According to the final KSN News Poll, conducted by SurveyUSA exclusively for KSN-TV, 10 percent of voters surveyed (including 21 percent of young voters) remain undecided. That number is up from 7 percent in the KSN News Poll conducted just three weeks ago.
The latest poll data, released Tuesday, shows that Independent challenger Greg Orman and incumbent Republican Senator Pat Roberts are nearly tied. Orman has a slight lead at 44 percent to Roberts’ 42 percent.
The margin of error is +/- 4.0 percent.
In July, the KSN News Poll revealed Orman had only 7 percent of the vote. To date, in the latest KSN News Poll released Tuesday, he’s taken the lead with 44 percent.
However, for the first time in any KSN News Poll this election season, Orman’s numbers have actually dropped slightly, down three points from poll numbers three weeks ago. On October 7, Orman polled 47 percent among likely voters.
KSN’s Craig Andres sat down with legal analyst, Jeff Jarman, to evaluate the shift.
“I don’t know that there’s any one particular thing that has moved the needle, as much as a cumulative effect of so much coverage, so much scrutiny, so much advertising,” said Jarman.
The latest KSN News Poll also reveals that, among those likely voters who say they are liberal, 84 percent are for Orman.
For those likely voters who consider themselves moderate, 60 percent are for Orman, compared to only 25 percent for Roberts.
In the conservative camp, 79 percent support Roberts.

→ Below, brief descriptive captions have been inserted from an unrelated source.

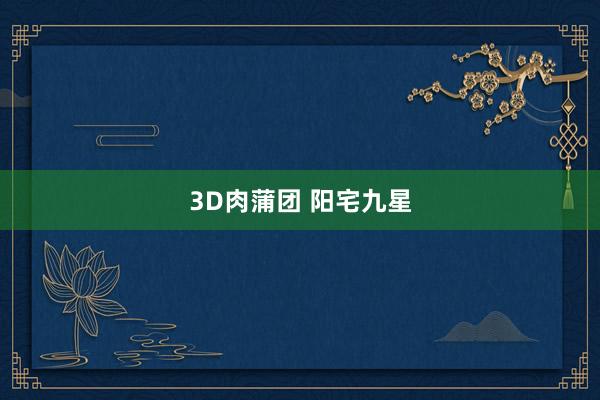 3D肉蒲团 阳宅九星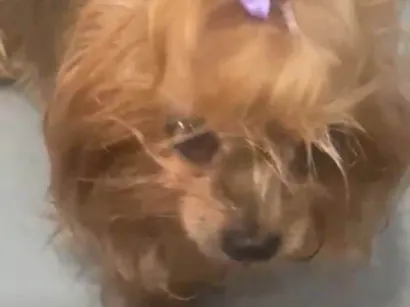 Cachorro raça Yorkshire idade 6 ou mais anos nome Nina 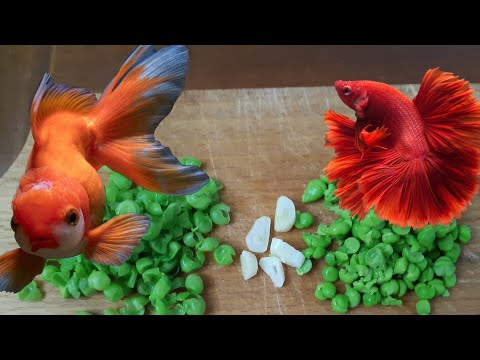 Video: Come Cucinare Il Pesce Rosso?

Jarman says the numbers are telling.
“There is no doubt Roberts has been working very hard to undo that effort and to change that frame. He has positioned Orman as a liberal, [an] Obama-supporter from the beginning,” said Jarman.
The race is a statistical dead heat, according to the KSN News Poll, which means control of the U.S. Senate could still hinge on Kansas.
“We don’t know how those other Senate races are going to come out. Those are all tightening as well, so each of these states could be the difference in control of the U.S. Senate,” explained Jarman.